Fosun flies in for an offer for Thomas Cook tour operator business
- Fosun is already Thomas Cook’s largest shareholder with an 18% stake.
- Shares responded well on the news with a 12% rise.
- Some analysts have questioned whether the company can survive so investors will be relieved about the possibility of a bid for all or some of the company.
Shareholders in Thomas Cook finally had some good news today as the company confirmed it is in talks with Chinese group Fosun about the possible sale of its tour operator business. The news is not entirely a surprise as there were rumours of a potential bid last month from Fosun, which already has a significant stake in the company. The news comes three weeks after Thomas Cook received a bid from its northern European business from private equity group Triton Partners.

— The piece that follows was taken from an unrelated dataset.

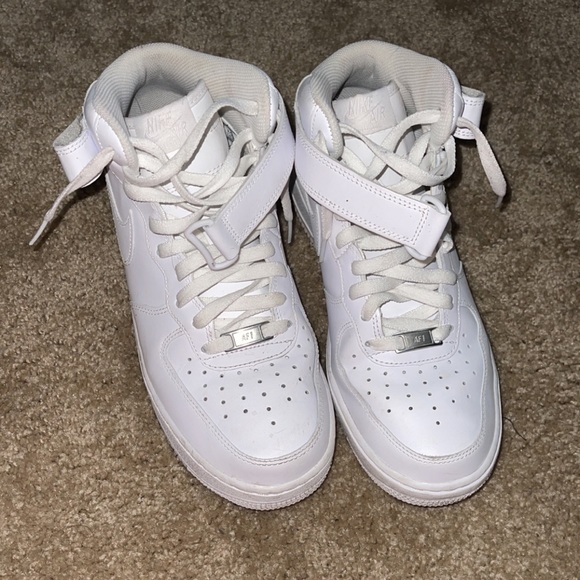 all white high top forces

Thomas Cook’s shares responded well with a 12% rise but they’ve had a torrid time of late, dropping 86% over the past year. The company reported a £1.5bn pre-tax loss in May, is struggling with large debts and announced a 12% drop in summer bookings. Some analysts have questioned whether the company can survive so investors will be relieved about the possibility of a bid for all or some of the company. Naturally there is no certainty of a bid emerging at this point, and no assumptions should be made about the size of any bid and what shareholders may receive, but this is a positive development.